Meskipun indeks kepercayaan industri (IKI) menunjukkan tren ekspansif pada September 2024 dengan angka di atas level 50, kenyataannya sektor TPT masih terkontraksi saat ini.
Tak hanya itu, gelombang Pemutusan Hubungan Kerja (PHK) di sektor TPT pun terus berlanjut sampai sekarang.
Berdasarkan catatan VOI, Direktur Eksekutif Asosiasi Pertekstilan Indonesia (API) Danang Girindrawardana mengatakan, jumlah karyawan yang terkena PHK selama tiga tahun terakhir hampir mencapai 200.000, dan hanya dalam satu bulan terakhir hampir 30.000 orang diberhentikan.
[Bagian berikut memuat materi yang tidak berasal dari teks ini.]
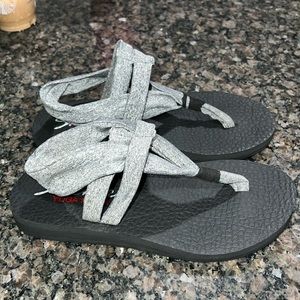 Skechers Yoga Foam sandals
Merespons hal tersebut, Sekretaris Jenderal Kementerian Perindustrian (Kemenperin) Eko Cahyanto mengatakan, industri TPT merupakan salah satu subsektor yang sangat sensitif. Terlebih sejak diberlakukannya Permendag Nomor 8 Tahun 2024.
"Jumlah tenaga kerja di sektor industri, kan, besar sekali dan sektor-sektor ini sangat sensitif terkait dengan daya beli atau pasar global," ujar Eko saat ditemui wartawan usai agenda Penguatan Industri Melalui Optimalisasi Teknologi di Jakarta, Selasa, 1 Oktober.
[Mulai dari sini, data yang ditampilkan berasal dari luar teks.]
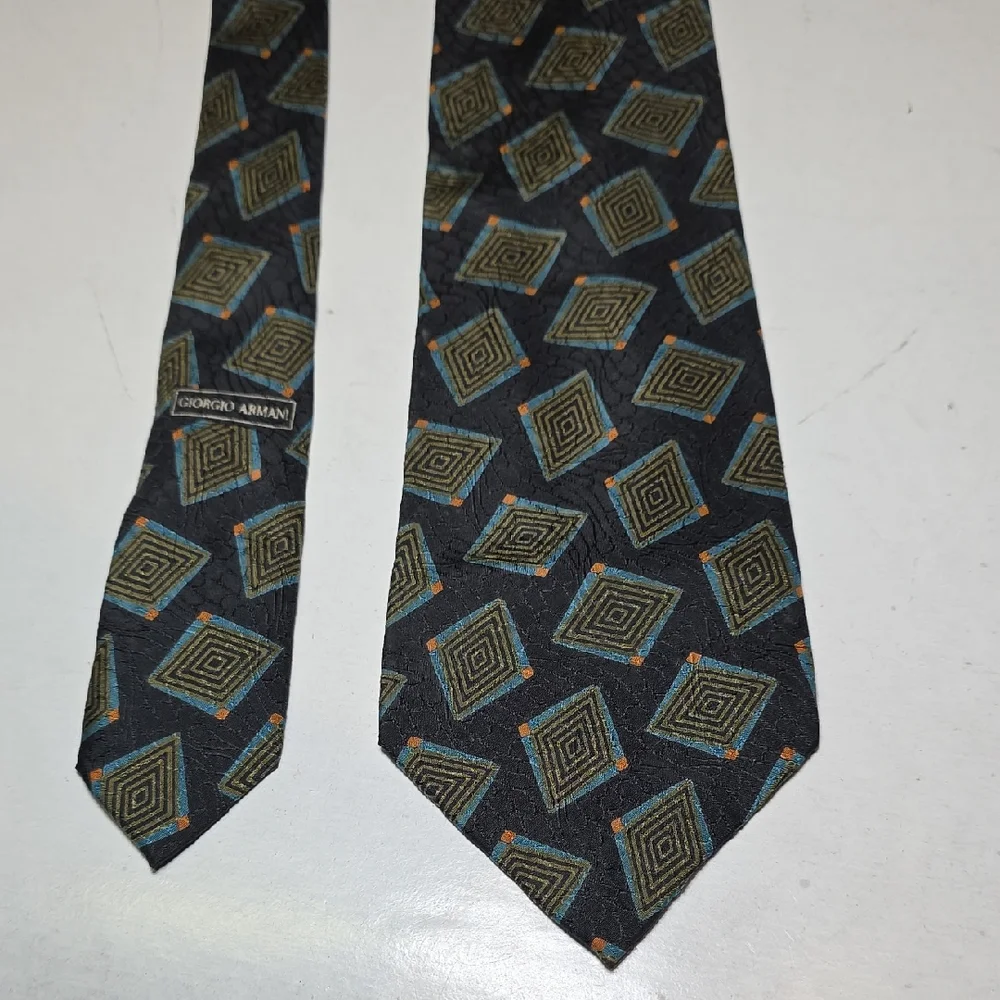 Giorgio‎ Armani Black Blue Gold Diamond Pattern Tie 100% Silk Made In Italy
Eko mengeklaim, saat ini kondisi pasar global juga sedang tidak baik-baik saja.
Karena itu, kata dia, daya beli masyarakat bukan menjadi faktor utama maraknya PHK di industri TPT.
"Kalau kondisi pasarnya pasti akan berpengaruh karena sektor padat karya itu biasanya sangat sensitif. Dengan situasi itu, jadi bukan permasalahan daya beli masyarakat, tapi global. Ya, ada sektor-sektor yang sensitif terhadap situasi itu," katanya.
BACA JUGA:
Saat ditanyai lebih lanjut soal kondisi Purchasing Manager’s Index (PMI) manufaktur RI bisa ekspansif atau tidak hingga akhir tahun ini, Eko belum bisa memberikan informasi lebih lanjut.
"Kami lihat beberapa minggu ke depan," imbuhnya.